Anyway to my surprise my mate really loved the board and a few more of his mates ordered one and they also loved the way it went. The pressure was on for me to make a model so out of respect for Matt I made a few little changes which I thought were necessary anyway, particularly for Australian conditions.

ROCKER – Relatively flat throughout with no sudden flips at either end
PLANSHAPE- Wide nose and tail with a moderate hip positioned in line with the leading edge of the front side fins
BOTTOM SHAPE- Single double concave deepest between the two feet. Small release vee out the tail
RAILS- Chunky by nature but I have dropped them down a little from the original
TAIL SHAPE- The tail is a full squash which is well on the wide side for a thruster.

SUMMARY  The Sub Scorcher is a typical American East Coast board designed to run in powerless waves. The main feature is the flat rocker that will run in anything. Add to that the extra width which also adds planning speed in these waves. All these things do make a board like this stiff but American shapers have worked out how to loosen up such a stiff rocker by using the planshape hip to free up this stiffness. Also the back fin is clustered closer to the front fins and is a tad smaller than the fronts again to etch back some east- west.
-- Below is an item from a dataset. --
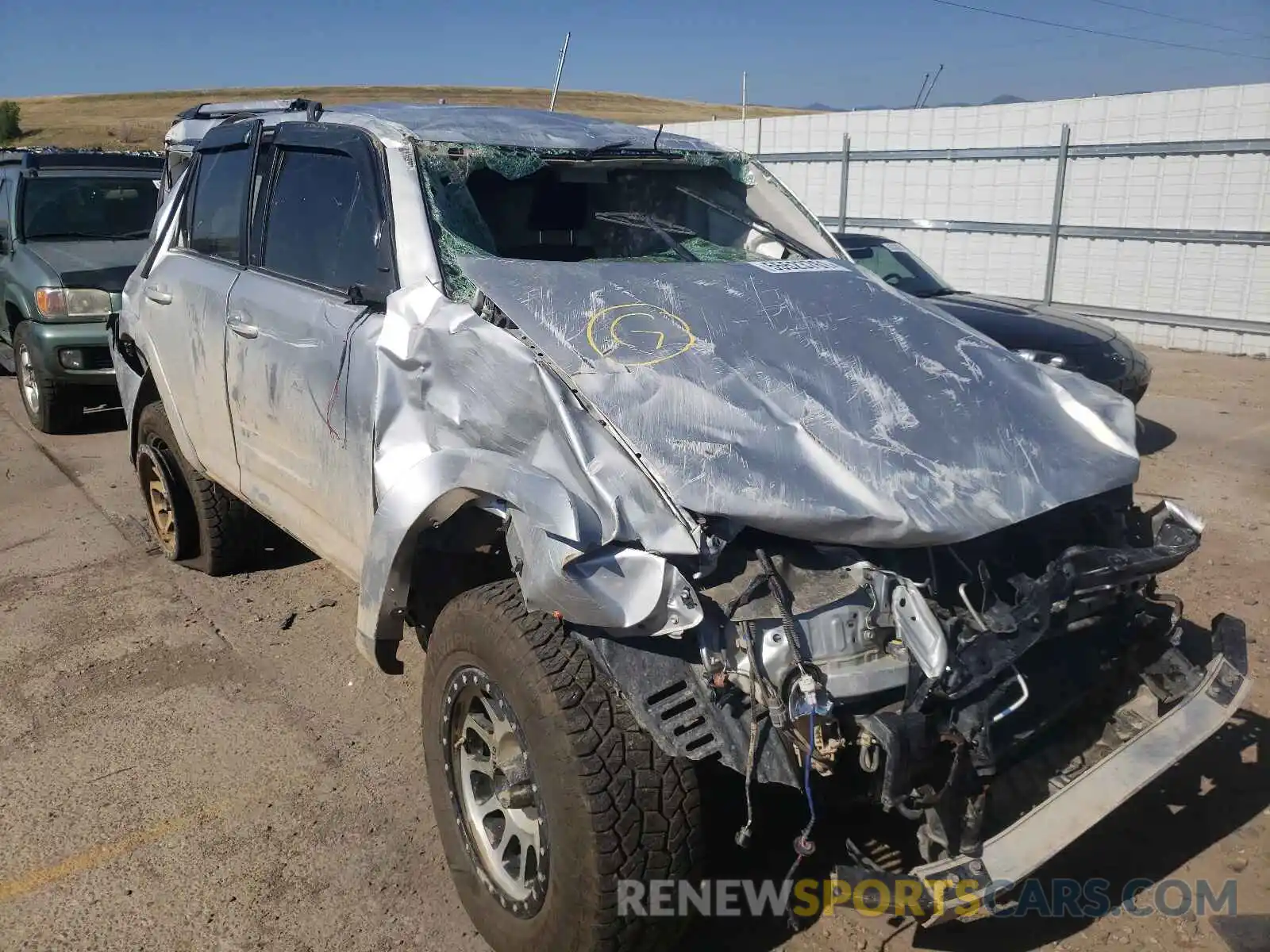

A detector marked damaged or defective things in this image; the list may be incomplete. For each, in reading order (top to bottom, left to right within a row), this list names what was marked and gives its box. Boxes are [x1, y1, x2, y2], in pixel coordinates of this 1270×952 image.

Well all this will work providing you do not intend to launch a design like this into hollow powerful reef waves as it really is designed to be a runner in small beachies prevalent on the East Coast of the USA. Perhaps the relevance of this sort of board here in Oz is that the bulk of our surfing population reside in our capital cities which are not really known for full barrelling waves so there is an application for a board like this for sure.

I couldn’t help myself having a little tweak off the original copy however. I thought the tail was a little too wide and chunky , so I thinned it a little and narrowed the squash tail a little as well so it would not go sideways in waves around 4 ft. I also emphasised the tail vee a little, just to help decrease the tail pressure for the same above reason.

I did not mess with the engine (the rocker) as this was its main attribute although I was tempted. I stayed with the rear fin clustered closer to the front fins because of the amount of nose area this thruster has to contend with. A tighter cluster allows the board to be surfed further forward and have more command over a front heavy planshape. It does not do much for tail slide security but is a necessary trade-off for a wide nose and I think the reduction in the tail area here should do the trick for this problem anyway.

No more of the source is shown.